Bueno, decía que mi vida en Aigües es muy plácida. Me levanto cuando me da la gana (salvo cuando tengo que bajar a Alicante, para ir a la radio), veo amanecer sobre la montaña, desayuno, doy de comer a los gatos, hago tareas rutinarias de limpieza y mantenimiento...
En todo ese tiempo, la paz en el valle, bajo mi casa, es absoluta. Ni el más mínimo rastro audible de la existencia de la especie humana.
Supongo que es eso lo que hace que, cuando finalmente me siento ante el ordenador, me conecto a internet y leo la prensa del día, mi sensación de extrañeza con respecto al mundo noticiado sea total.
Cuando estoy en Madrid no me ocurre nada semejante. Allí, el ruido del tránsito y el movimiento de la mucha gente que acude a trabajar cuando todavía es de noche consiguen que me parezcan normales las noticias sobre bombardeos, accidentes, naufragios, opas hostiles, índices bursátiles, pasarelas de moda y consejos de ministros. Pero aquí, en Aigües, en medio de este silencio que hace que hasta zumben los oídos, cuando leo los periódicos o escucho la radio me parece oír una voz interior –quizá la de mi otro yo, el inconsciente– que me dice, como Jesús a María en las bodas de Canaá: «¿Y a ti y a mí que nos va en esto?»
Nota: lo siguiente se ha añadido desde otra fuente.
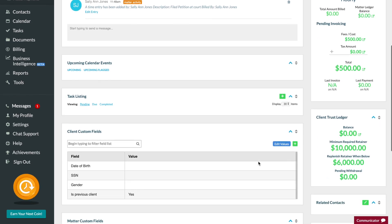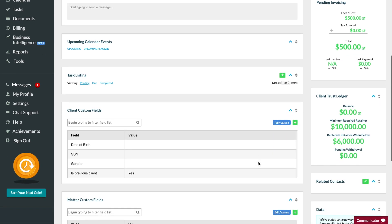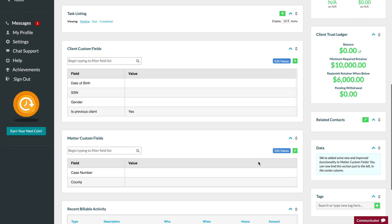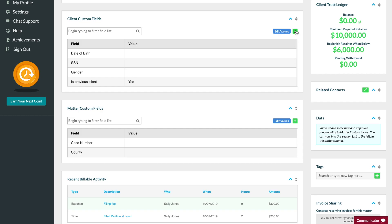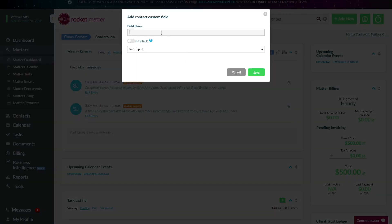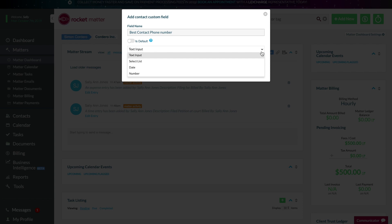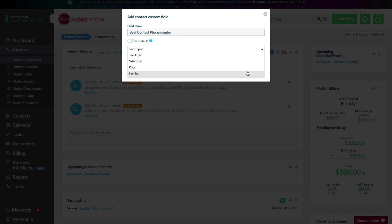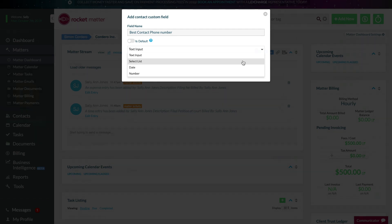Our custom fields just got a facelift. Now you can create client or matter custom fields and create specific field types. Choose from fields such as date pickers, numeric fields, alphanumeric fields, or create drop-down lists for you to choose from.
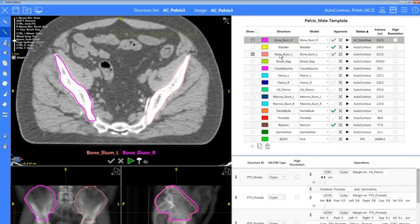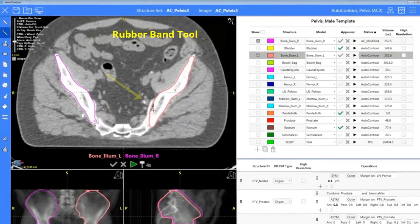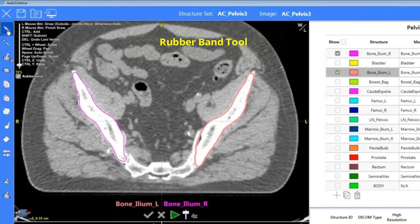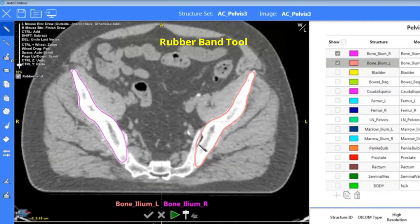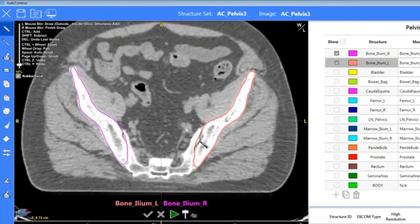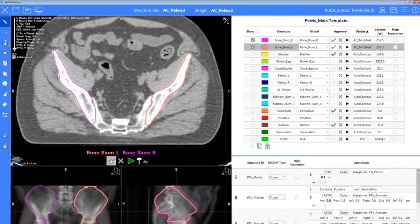For my left ilium I may just want to tighten up the contour a bit, so I'm going to use the pencil and rubber band tool. I'm able to just pull in that contour making small adjustments, and once I'm happy I'll approve that structure and it'll take us to the next.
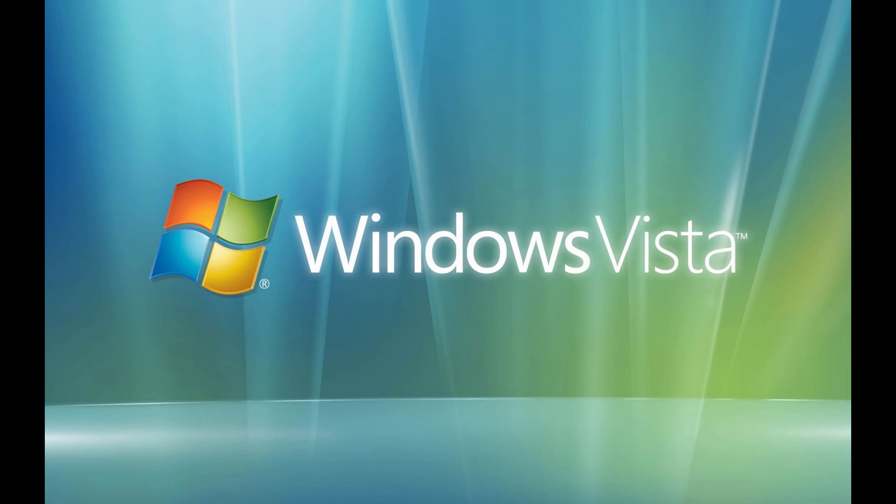Can you still use Windows Vista in 2024? Let's find out. Windows Vista is a major release of the Windows NT operating system, released to manufacturing in November 2006, and shortly after was also released to the general public on January 30, 2007.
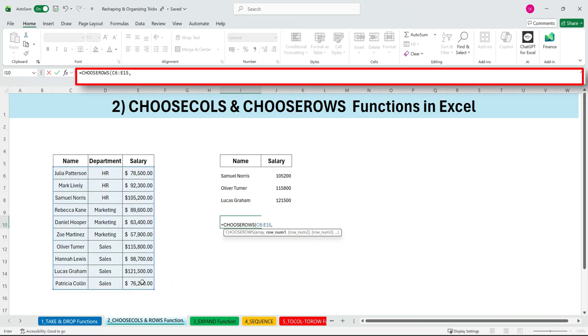CHOOSEROWS. Next is CHOOSEROWS, which works in a very similar way, but for rows. You define your array and then simply choose the row numbers you want to keep.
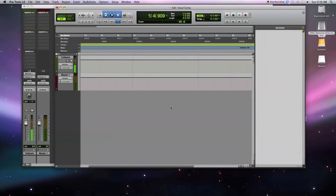This is a demonstration of an efficient way to do vocal comping inside of Pro Tools. Many times if you're recording, it's very difficult and time consuming to capture the perfect performance in a single take. For this reason, many mixing engineers and producers will use a technique called vocal comping or compilation.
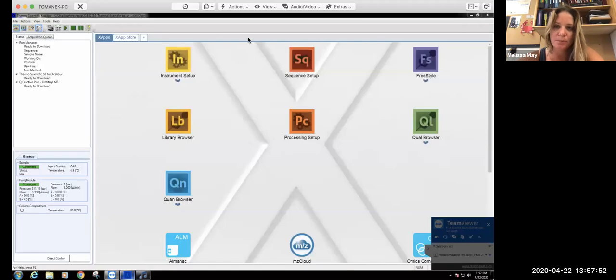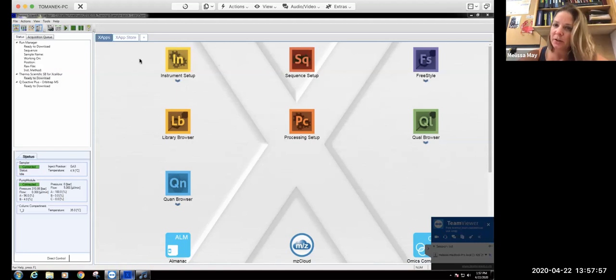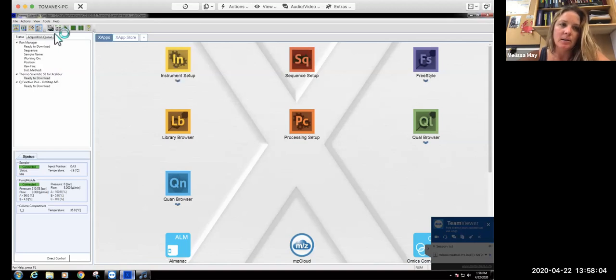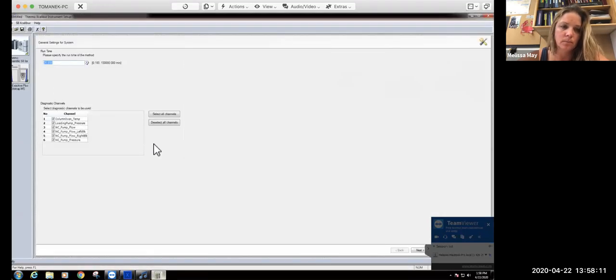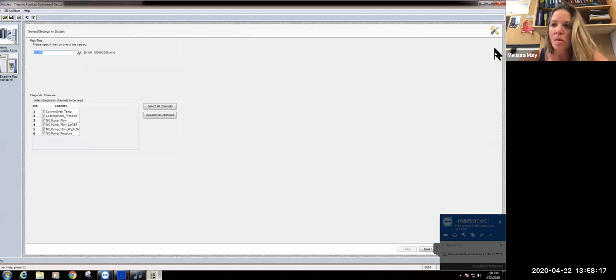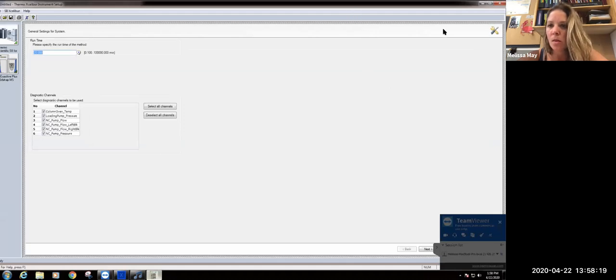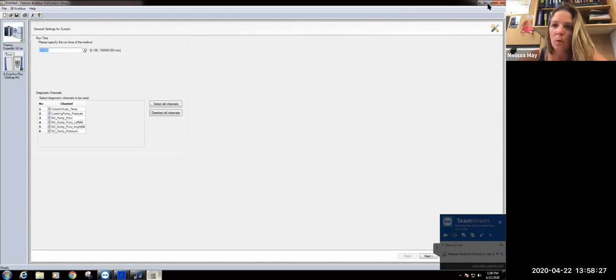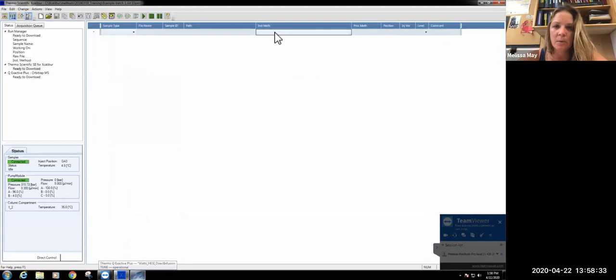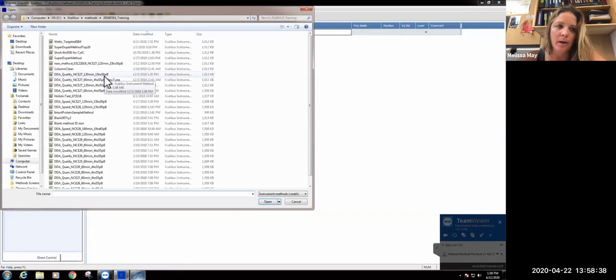If we go over to TeamViewer and we want to look at our particular method, there's a couple of ways we could do this. You can open up that particular method using this open button. Or alternatively, we could go into our sequence setup, go to instrument method, and go to browse. This allows us to load any method that we want to use.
Sientes que el mundo «normal», exterior, es apocalíptico. Que no sólo le suceden toda suerte de desgracias, sino que además muchas de ellas, si es que no la mayoría, son absurdas, delirantes.
Pero reflexionas. Y te das cuenta de que no es que todo lo demás carezca de sentido, sino que tú te has metido –felizmente, por un tiempo– en una burbuja incontaminada, artificial a fuerza de natural, que te mantiene al margen de la realidad. Porque la realidad mayoritaria, por desgracia, es la otra.
Y vuelves a maldecir lo mal que está todo. Y vuelves a escribir sobre ello.